Surgical intervention to resect the epileptic focus has the potential to significantly improve patient outcomes (NICE, 2012). Medical imaging technologies are increasingly used to try to identify structural or functional changes to help localise the likely site of the seizure focus and inform decisions about further investigation and whether and how to proceed with surgery. Due to the costs and potential adverse events associated with these medical imaging techniques the optimal selection and order of the imaging tests is important. A systematic review of the literature found that no research had sufficiently considered the added value of imaging technologies in the pre-surgical workup of epilepsy patients, using cost-effectiveness methods (Burch et al., 2012a).
An additional review was conducted to evaluate previous research into the clinical value of tests (stage 2 of the Schaafsma hierarchy) in this area (Burch et al., 2012a) The review found a single study, by Uijl et al. (2007), which assessed the impact of additional investigations (FDG–PET and subsequent invasive-EEG) on the decision to proceed to surgery after discordant video-EEG and MRI findings. The study considered the short-term outcome following surgery (stages 1, 2 and 3); costs and longer-term outcomes were not considered.

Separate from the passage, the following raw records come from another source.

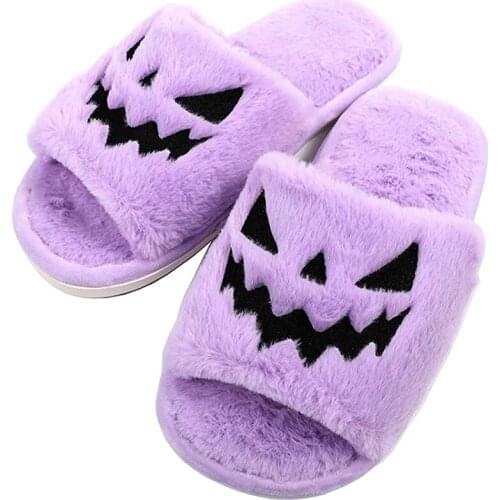 2021 New Purple Halloween Fuzzy House Slippers - Jack O Lantern Pumpkin Shoes Funny Kawaii Slippers for Girls Claquette Femme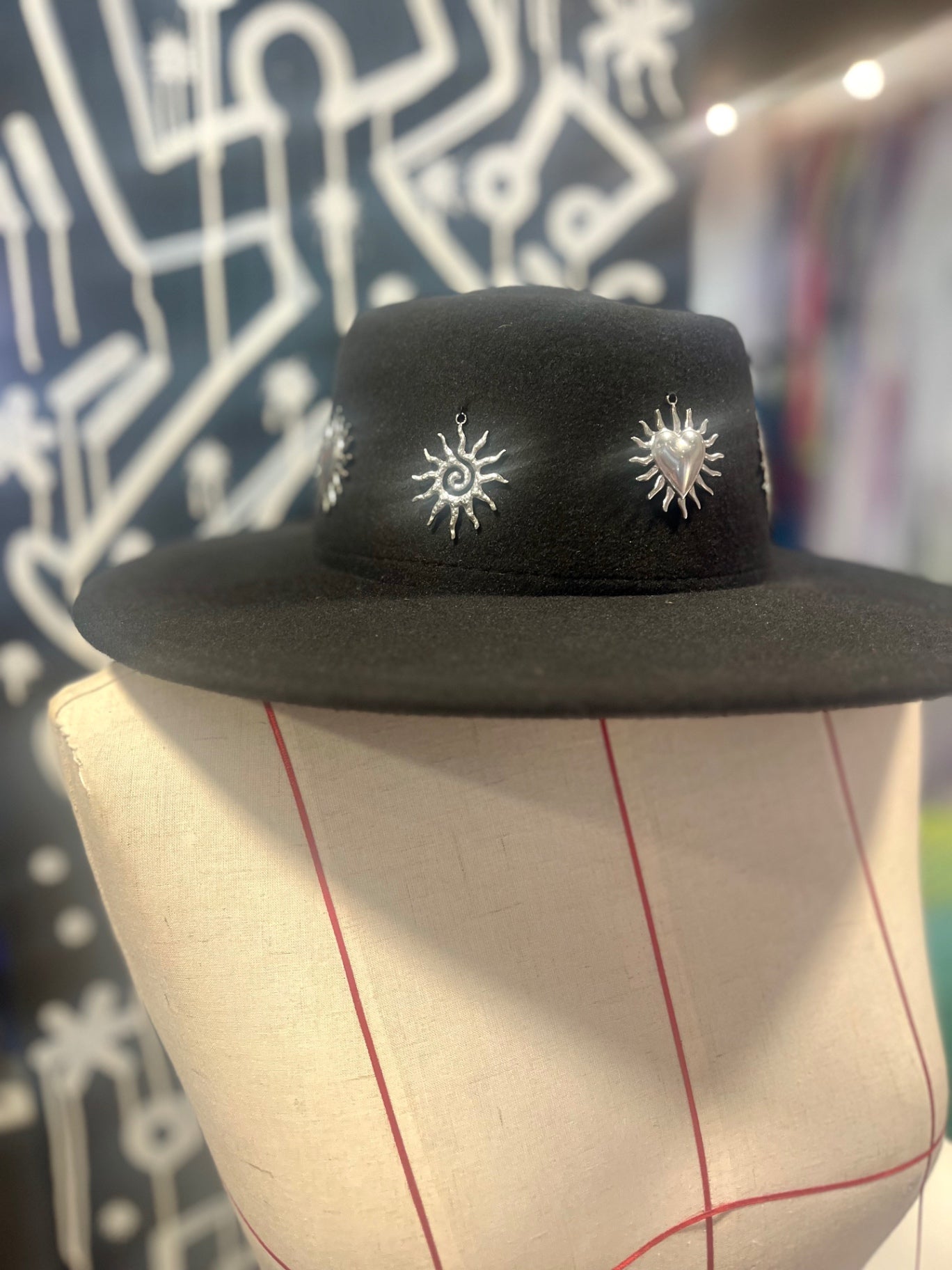 Cosmic Heartfelt – Black Felt Hat with Adjustable Fit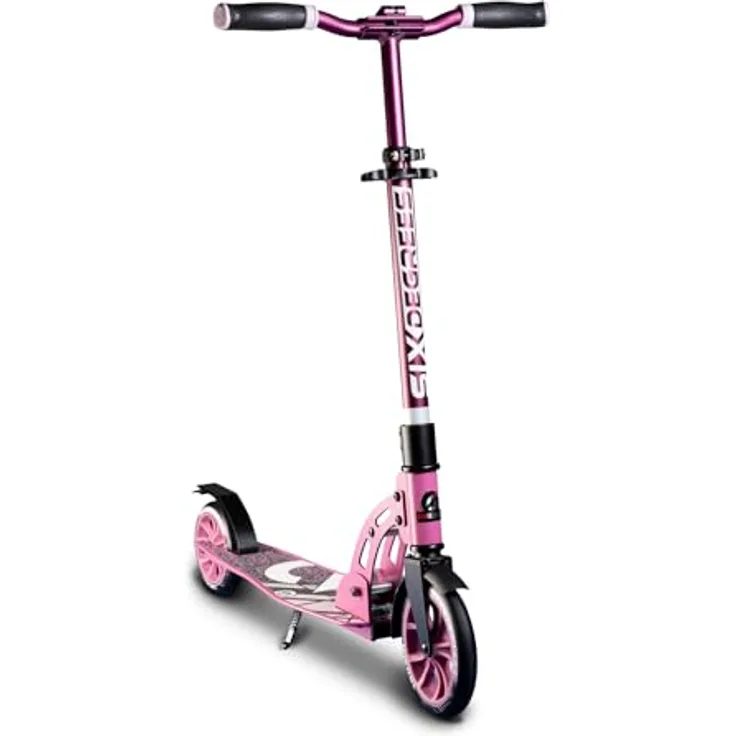 Six Degrees Aluminium Scooter Junior 180 mm - Faltbar, Fußbremse, Rosa/Schwarz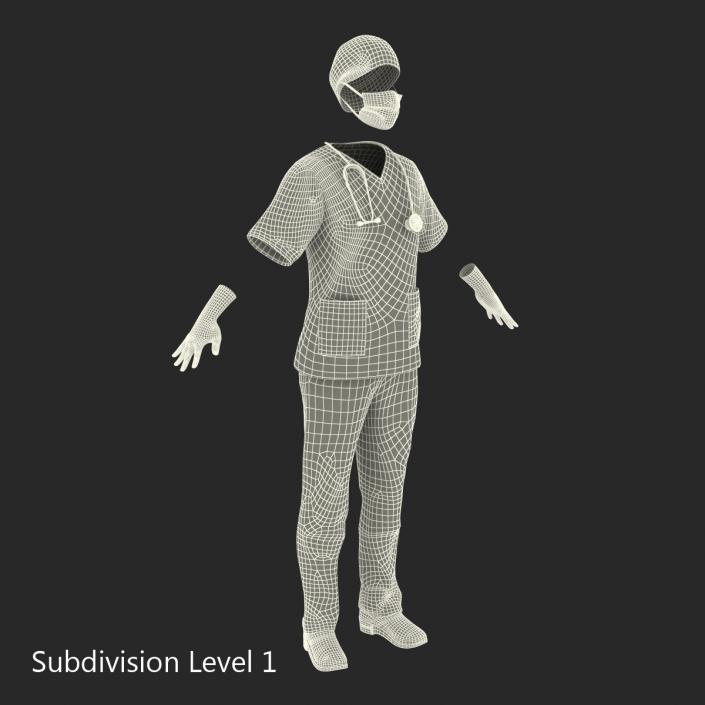 Female Surgeon Dress 10 with Blood 3D model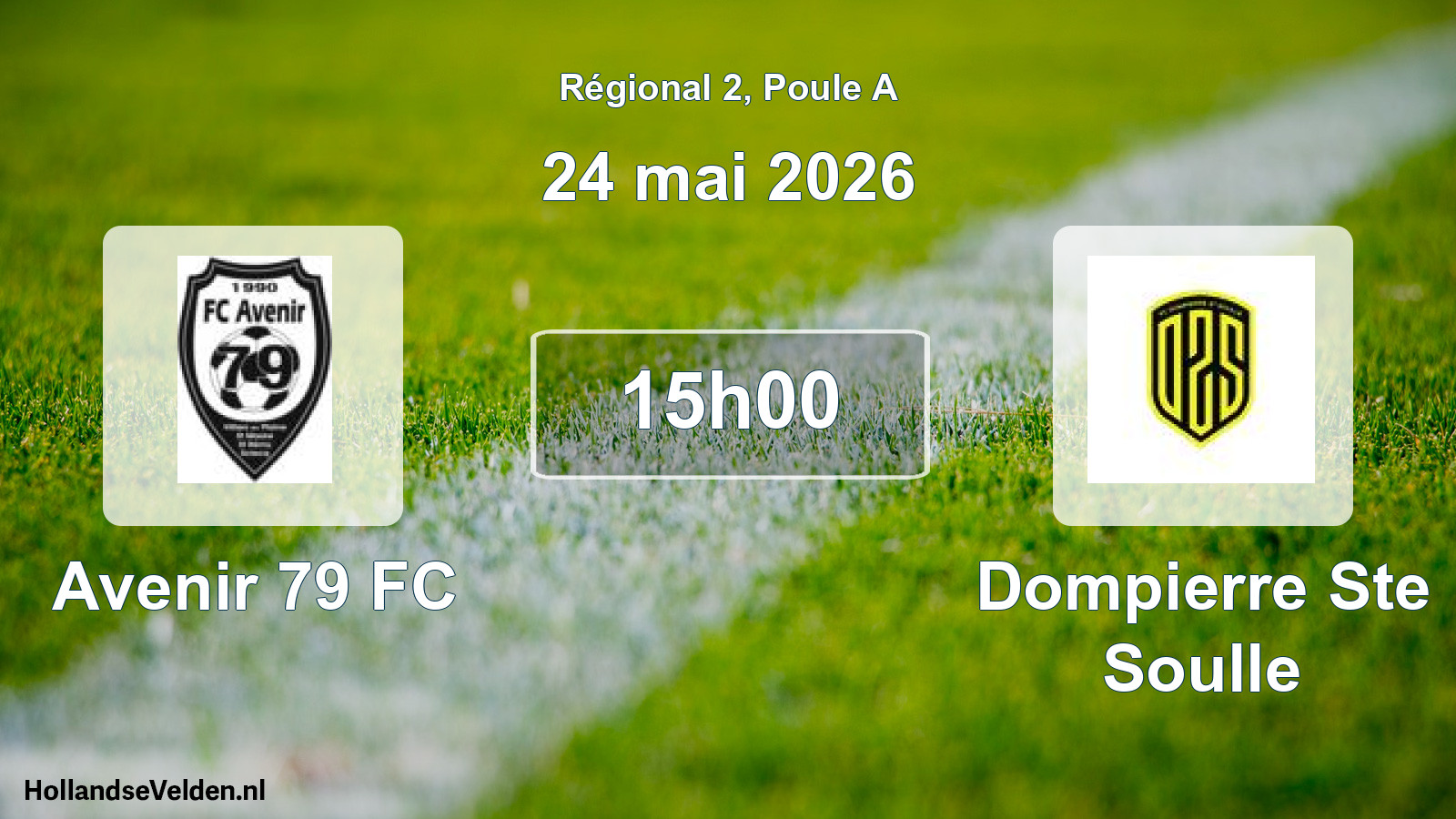 Match programmé: Avenir 79 FC - Dompierre Ste Soulle (24 mai 2026)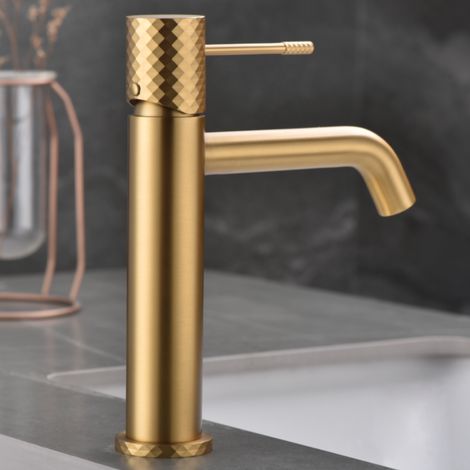 Imex -  Grifo Monomando Lavabo Caño Bajo Oro Serie  Génova (1/4)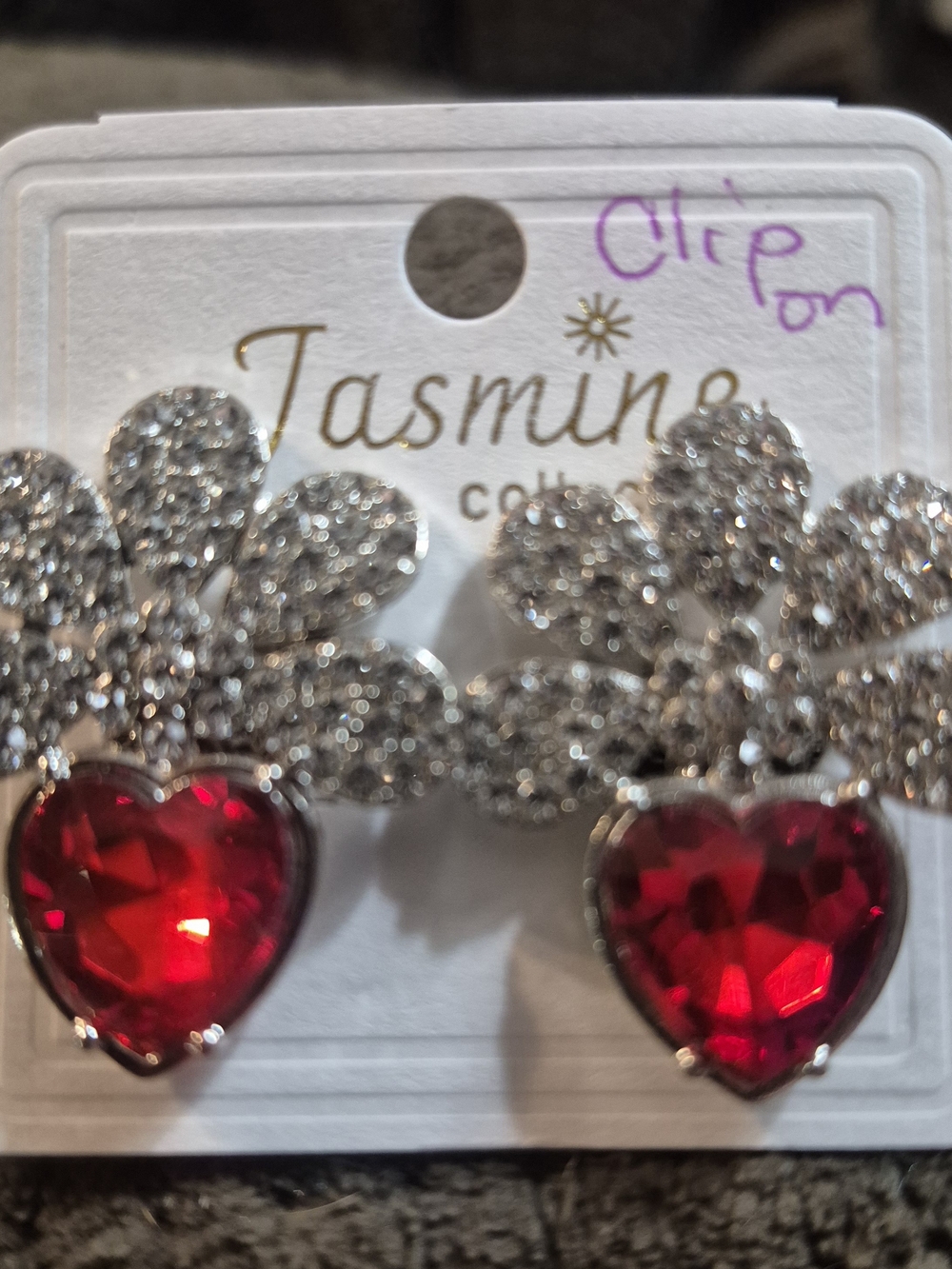 Red Heart Crystal Clip-On Earrings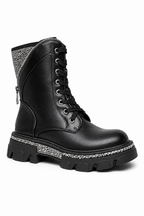 Kristallen Glamour Krijger Biker Boots in zwart met rhinestones. 5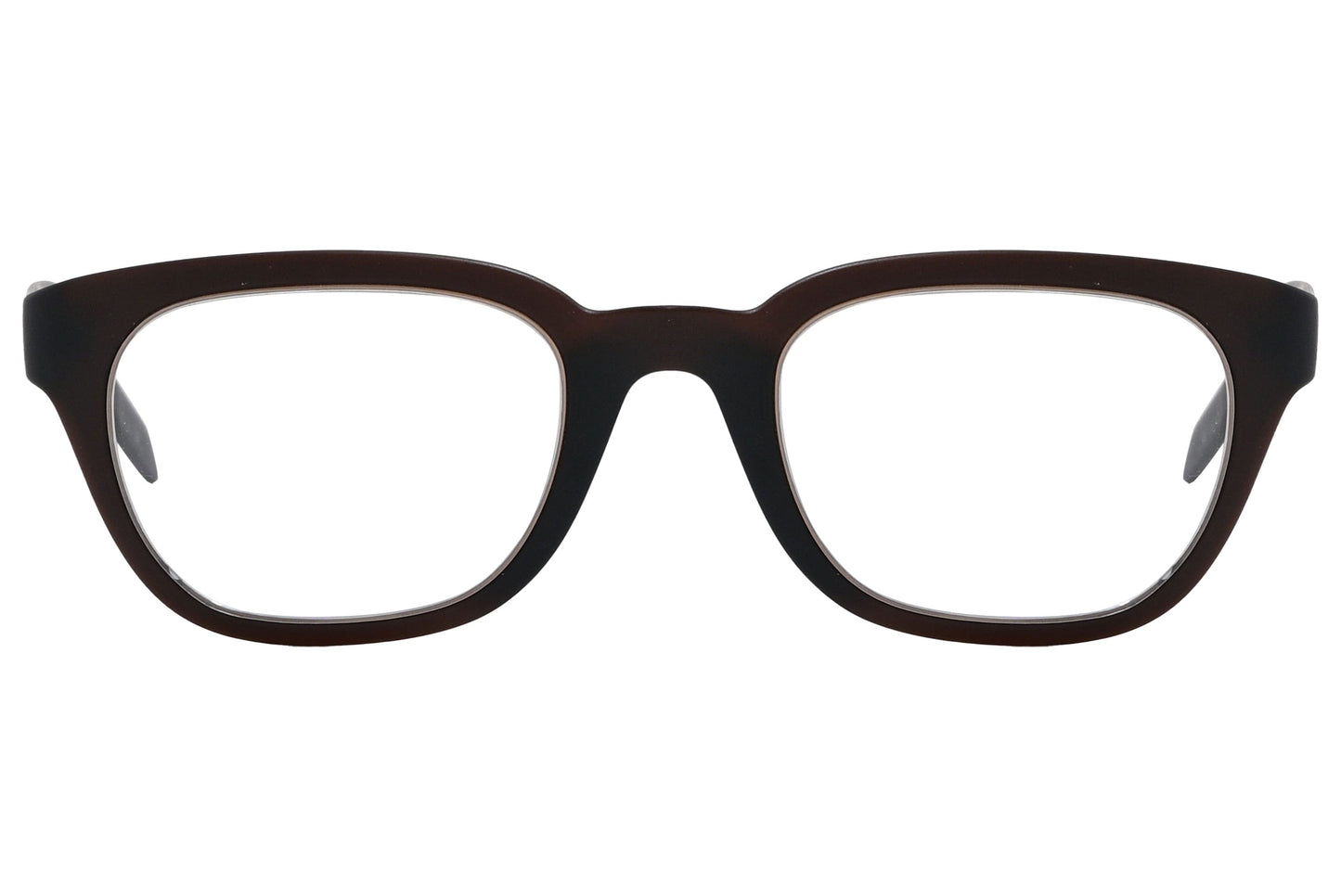 Calvin Klein Rectangle Brown Eyeglasses Frame Viewed From Front Angle.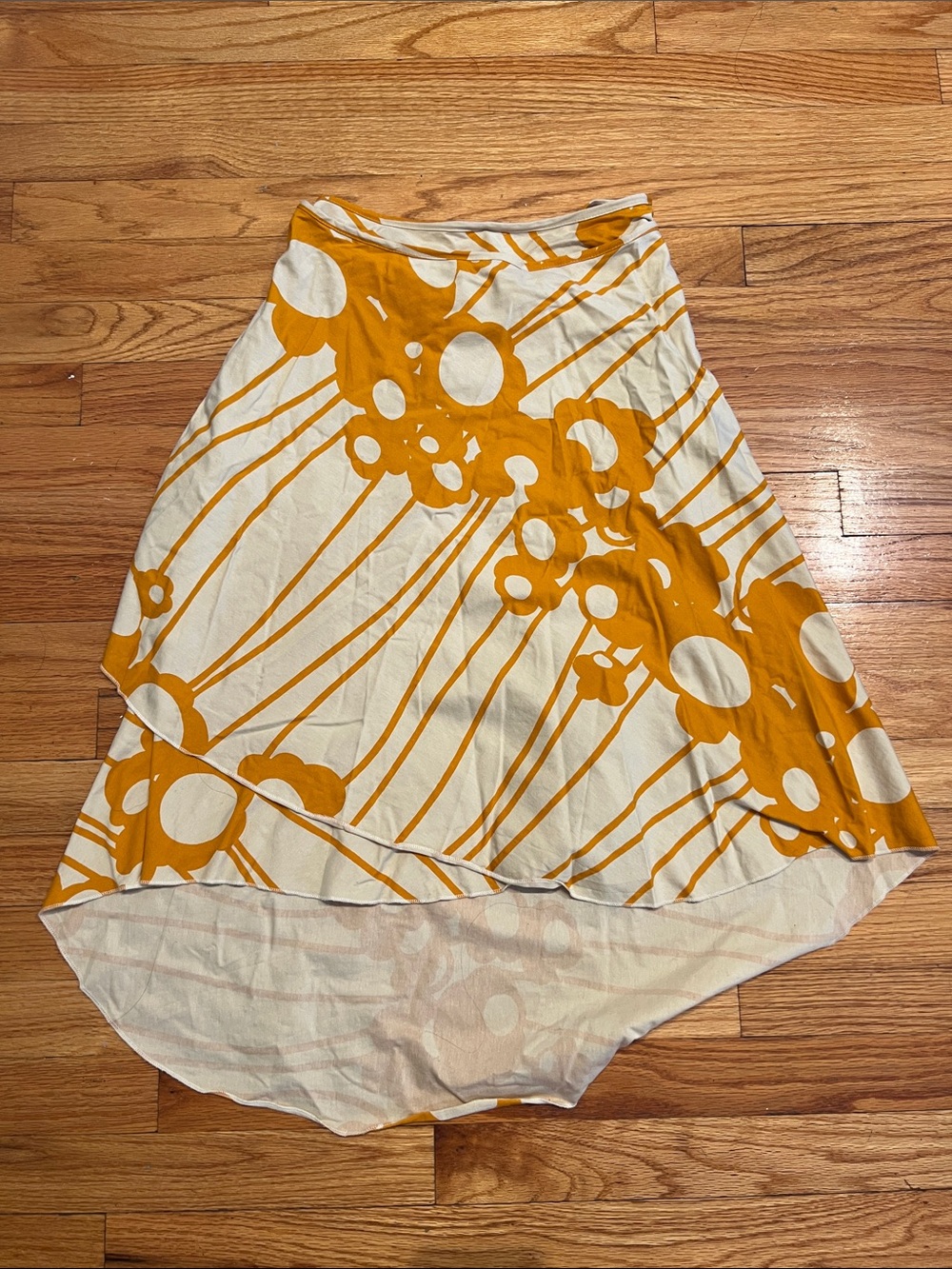 Vintage Marimekko x Mika Pirainen Floral Print Wrap high-low Skirt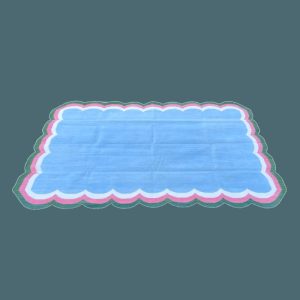 Cotton Rugs | Handmade Scalloped Cotton Area Rug – Light Blue, 2′ x 3′ Cotton Rugs Cotton Rugs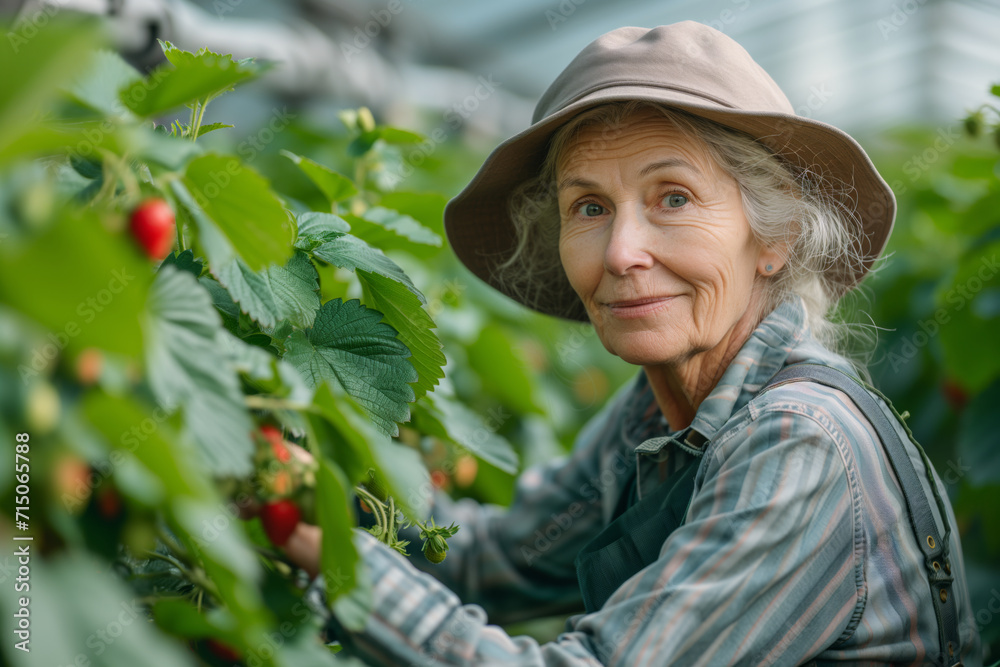 Senior woman in hat harvest strawberries in greenhouse
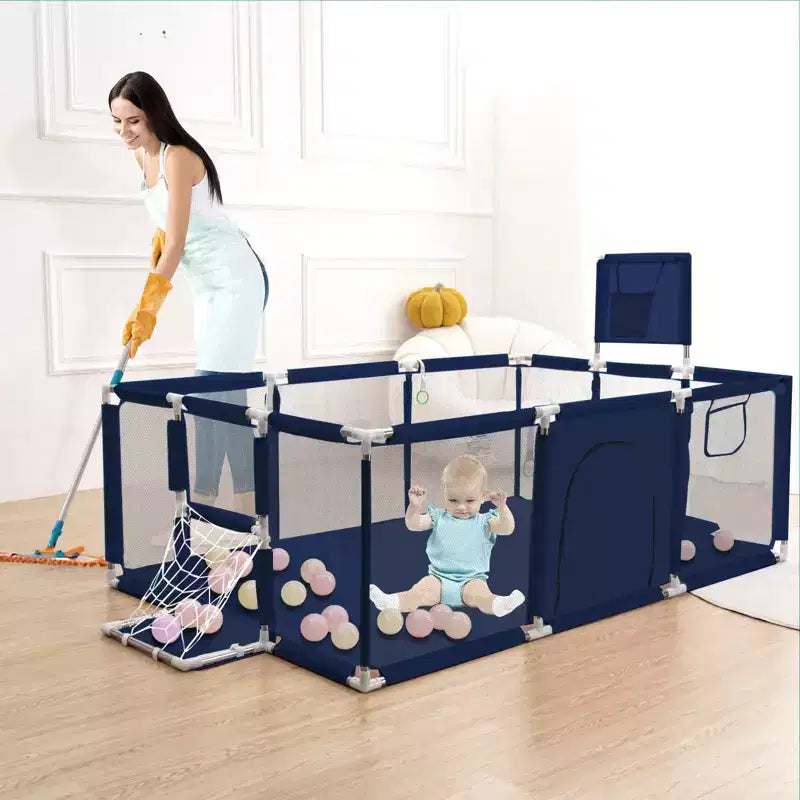 GOTGELIF 71x48 Parc Bébé Pliable à 4 Panneaux avec Panier de Basket
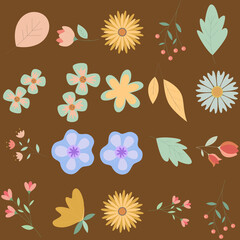 Florar Pattern. Abstract Floral Background Design with Artistic Botanical Elements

This paper uses the study by Uijl et al. in a worked example to present a framework for assessing the full added value of additional imaging tests in the case of pre-surgical workup for temporal lobe epilepsy surgery, using the Schaafsma framework (Box 1). The framework will be used to evaluate the cost-effectiveness of the range of clinical strategies presented by Uijl et al., the uncertainty in these results will be explored through the use of a scenario analysis as well as probabilistic sensitivity analysis (PSA).
Methods
A decision model was constructed to allow an evaluation of added value in the pre-surgical workup of patient with epilepsy consistent with the Schaafsma framework (Box 1). A decision model is a quantitative approach used to combine evidence from a variety of sources to inform the evaluation of added value. It does so through the consideration of the diagnostics outcomes of the tests alongside the longer term implications of the range of decision strategies. This approach facilitates an assessment of the relative value of each strategy available to the decision maker, in terms of costs and health related quality of life of the patient, and ultimately allows the optimal strategy to be identified through a consideration of the cost-effectiveness of each strategy. Uncertainty in the model inputs can be propagated to allow for a consideration of the likelihood and implications of an incorrect decision being made by the decision maker (Drummond et al., 2005).
This case study considers the optimal medical imaging strategy for patients considered eligible for temporal lobe epilepsy surgery, the population evaluated in the Uijl study. The decision model focuses on the appropriate course of action given discordant findings of initial MRI and EEG, and specifically assesses the added clinical and economic value of undertaking further imaging.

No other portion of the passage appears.